Lihat ke Halaman Asli

Kisah Penjaga Sekolah: Hidup Cari Nyaman, Buat Apa Ingin Keluar Zona Nyaman!

Diperbarui: 19 Juni 2022   10:25

Kompasiana adalah platform blog. Konten ini menjadi tanggung jawab bloger dan tidak mewakili pandangan redaksi Kompas.

Satpam SMAN 4 Tangerang Selatan, Slamet Gunaedi (47) (KOMPAS.com/DAVID OLIVER PURBA)

Sesuatu yang membuat saya menjadi sinting kala itu sekaligus naif adalah cerita dari tetangga saya sebut saja bernama Boris Alfonso (45) tentu itu bukan nama yang sebenarnya.

Katanya ia ingin sesuatu yang lebih, sesuatu yang menjanjikan, dan sesuatu yang fleksible akan waktu hidupnya, antara bisnis, kaya, dan tak mau bekerja lagi di tempatnya yang sekarang karena ada ide yang lebih baik; berbisnis di rumah sambil mengerjakan hal lain.

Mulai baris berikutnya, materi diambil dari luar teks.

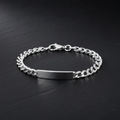 Silver Mens Flat Open Curb ID Bracelet with lobster clasp on dark background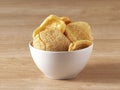 Brown crackers served in a white bowl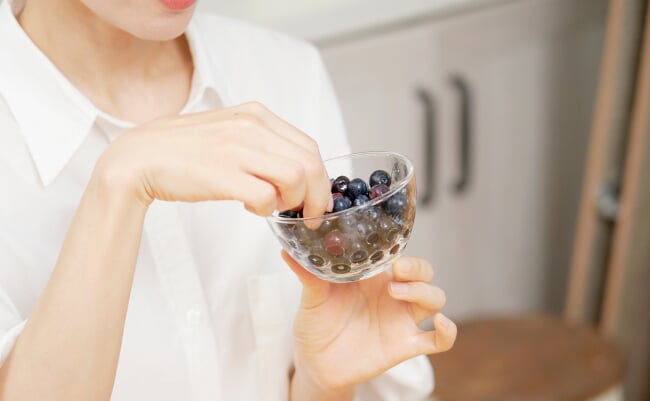 Asian,Woman,Eating,Blueberries,In,Dining,Room,,No,Face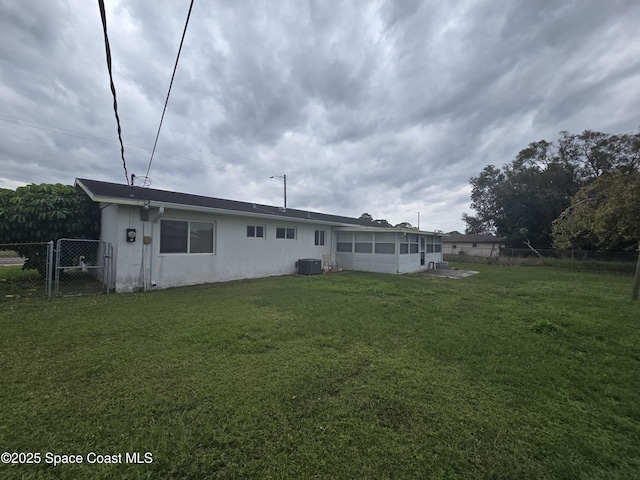 rear view of property featuring central AC unit and a yard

Padahal jika direnungi lebih dalam oleh orang-orang yang tak menjalankannya, tempat kerjanya yang sekarang menurut orang lain seperti saya; itu merupakan posisi ideal, pekerjaan ideal dengan waktu yang tak mengekang, dan juga tenaga yang terforsir tentu berimbang dengan gaji yang didapat Boris Alfonso itu.  

Selayaknya kesempatan kerja di desa yang sedikit, kita harus mampu bersaing dengan kemampuan dan keberuntungan dengan orang lain. 

Seorang penjaga sekolah seperti Boris Alfonso dengan bayaran lebih dari satu juta per bulan dengan tunjangan kerja yang jika di total 3 bulanan sudah mencapai "take homepay" sama dengan gaji saya sebagai karyawan swasta, yang sejumlah besaran UMK Kabupaten Cilacap sekitar 6 juta-an per tiga bulan.

Tentu secara pemikiran rasionalitas saya akan sangat disayangkan jika Boris Alfonso keluar begitu saja dari pekerjaannya sebagai penjaga sekolah yang waktu kerjanya pendek, yaitu membuka gerbang, menutup gerbang, bersih-bersih dan tempat sekolahnya sendiri tidak jauh dari rumahnya cukup jalan kaki.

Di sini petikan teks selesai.